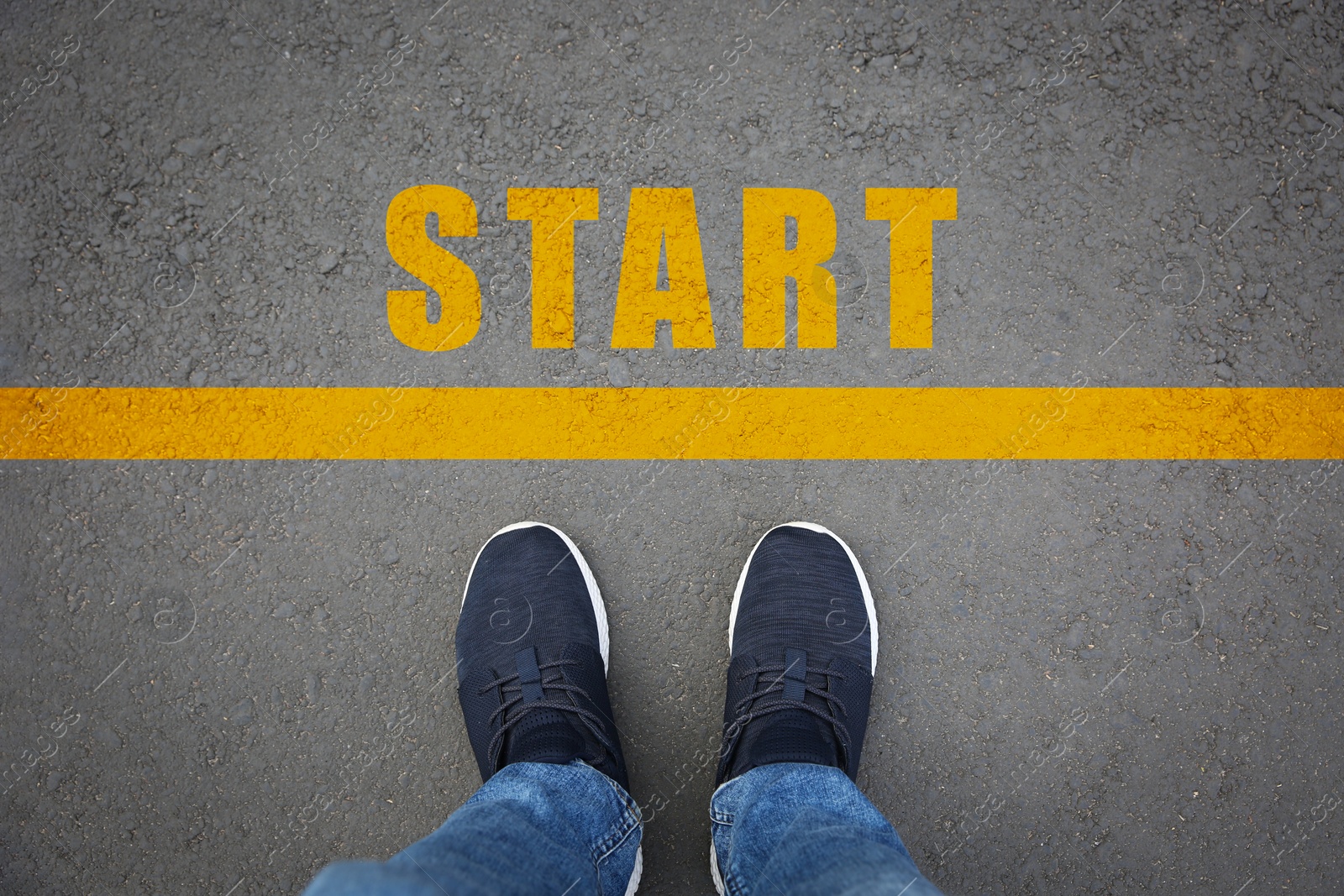 Image of New beginnings. Man standing near word Start on asphalt, top view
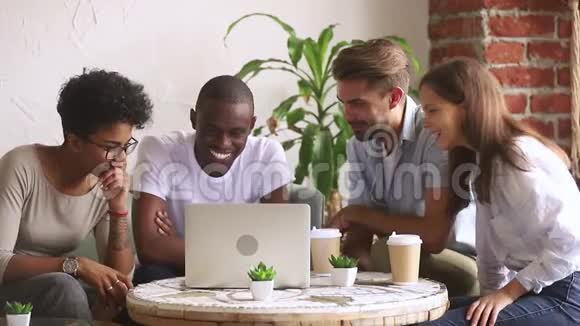 快乐的多元文化朋友看着笔记本电脑玩着看喜剧视频的预览图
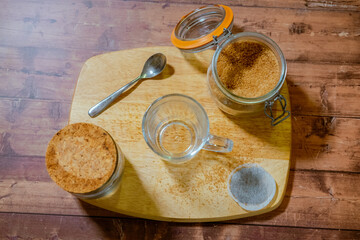 A cup of tea on a wooden chopping board with a brown sugar bowl next to it.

#### [Your goal]
An exact copy of every line above is needed, without the images.

#### [Your response]
 Image of New beginnings. Man standing near word Start on asphalt, top view
 快乐的多元文化朋友看着笔记本电脑玩着看喜剧视频的预览图
 A cup of tea on a wooden chopping board with a brown sugar bowl next to it.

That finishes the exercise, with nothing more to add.